Again $ A$ is $ n \times n$. The determinant if a function on the set of $ n \times n$ matrices such that:

  1. det$ (I) = 1$.

  2. If $ A^\prime$ is the matrix $ A$ with two columns interchanged then

       det$\displaystyle (A^\prime) = -$   det$\displaystyle (A)\, .
$

    (So: two equal columns implies det$ (A)=0$.)

  3. det$ (A)$ is a linear function of each column of $ A$. If $ A = ( a_1, \ldots, a_n)$ with $ a_i$ denoting the $ i$th column of the matrix then

    det$\displaystyle (a_1,\ldots,$ $\displaystyle a_i+b_i,\ldots,a_n)$    
    $\displaystyle =$ det$\displaystyle (a_1,\ldots,a_i,\ldots,a_n)$    
      $\displaystyle +$   det$\displaystyle (a_1,\ldots,b_i,\ldots,a_n)$    

Here are some properties of the determinant:

  1. det$ (A^T) =$   det$ (A)$.

  2. det$ (AB) =$   det$ (A)$det$ (B)$.

  3. det$ (A^{-1})_ = 1/$det$ (A)$.

  4. $ A$ is invertible if and only if det$ (A) \neq 0$ if and only if rank$ (A) = n$.

  5. Determinants can be computed (slowly) by expansion by minors.

Special Kinds of Matrices

  1. $ A$ is symmetric if $ A^T=A$.

  2. $ A$ is orthogonal if $ A^T=A^{-1}$ (or $ AA^T = A^TA=I$).

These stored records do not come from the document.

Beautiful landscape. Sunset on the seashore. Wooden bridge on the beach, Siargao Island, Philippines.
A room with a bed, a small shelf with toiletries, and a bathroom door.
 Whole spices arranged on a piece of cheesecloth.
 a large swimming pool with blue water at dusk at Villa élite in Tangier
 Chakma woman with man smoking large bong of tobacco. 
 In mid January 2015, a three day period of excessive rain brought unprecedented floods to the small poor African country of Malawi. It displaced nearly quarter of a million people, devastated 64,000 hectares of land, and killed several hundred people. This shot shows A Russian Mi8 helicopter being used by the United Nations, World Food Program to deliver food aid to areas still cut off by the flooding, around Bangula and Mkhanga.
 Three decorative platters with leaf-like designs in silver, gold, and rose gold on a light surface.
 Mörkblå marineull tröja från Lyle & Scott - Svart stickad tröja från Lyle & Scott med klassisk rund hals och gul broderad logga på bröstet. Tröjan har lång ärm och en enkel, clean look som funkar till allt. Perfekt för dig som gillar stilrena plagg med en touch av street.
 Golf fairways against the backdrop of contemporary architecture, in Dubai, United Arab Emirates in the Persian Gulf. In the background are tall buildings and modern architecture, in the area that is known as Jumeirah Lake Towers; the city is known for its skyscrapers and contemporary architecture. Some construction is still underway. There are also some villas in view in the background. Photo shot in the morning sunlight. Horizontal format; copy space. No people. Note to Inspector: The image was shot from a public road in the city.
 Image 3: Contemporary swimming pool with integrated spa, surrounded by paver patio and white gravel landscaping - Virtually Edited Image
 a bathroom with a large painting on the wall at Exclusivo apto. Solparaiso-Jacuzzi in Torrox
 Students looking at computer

  3. $ A$ is idempotent if $ AA\equiv A^2 = A$.

  4. $ A$ is diagonal if $ i \neq j$ implies $ A_{ij}=0$.

Inner Products, orthogonal, orthonormal vectors

Defn: Two vectors $ x$ and $ y$ are orthogonal if $ x^T y = \sum x_i y_i
= 0$.

Defn: The inner product or dot product of $ x$ and $ y$ is

$\displaystyle <x,y> = x^Ty = \sum x_i y_i
$

Defn: $ x$ and $ y$ are orthogonal if $ x^Ty=0$.

Defn: The norm (or length) of $ x$ is $ \vert\vert x\vert\vert = (x^Tx)^{1/2} = (\sum x_i^2)^{1/2}$

$ A$ is orthogonal if each column of $ A$ has length 1 and is orthogonal to each other column of $ A$.

Quadratic Forms

Suppose $ A$ is an $ n \times n$ matrix. The function

$\displaystyle g(x) = x^T A x
$

is called a quadratic form. Now

$\displaystyle g(x)$ $\displaystyle = \sum_{ij} A_{ij} x_i x_j$    
  $\displaystyle = \sum_i A_{ii} x_i^2 + \sum_{i < j} (A_{ij}+A_{ji}) x_ix_j$    

so that $ g(x)$ depends only on the total $ A_{ij}+A_{ji}$. In fact

$\displaystyle x^T Ax = x^T A^T x = x^T\left(\frac{A+A^T}{2} \right) x
$

Thus we will assume that $ A$ is symmetric.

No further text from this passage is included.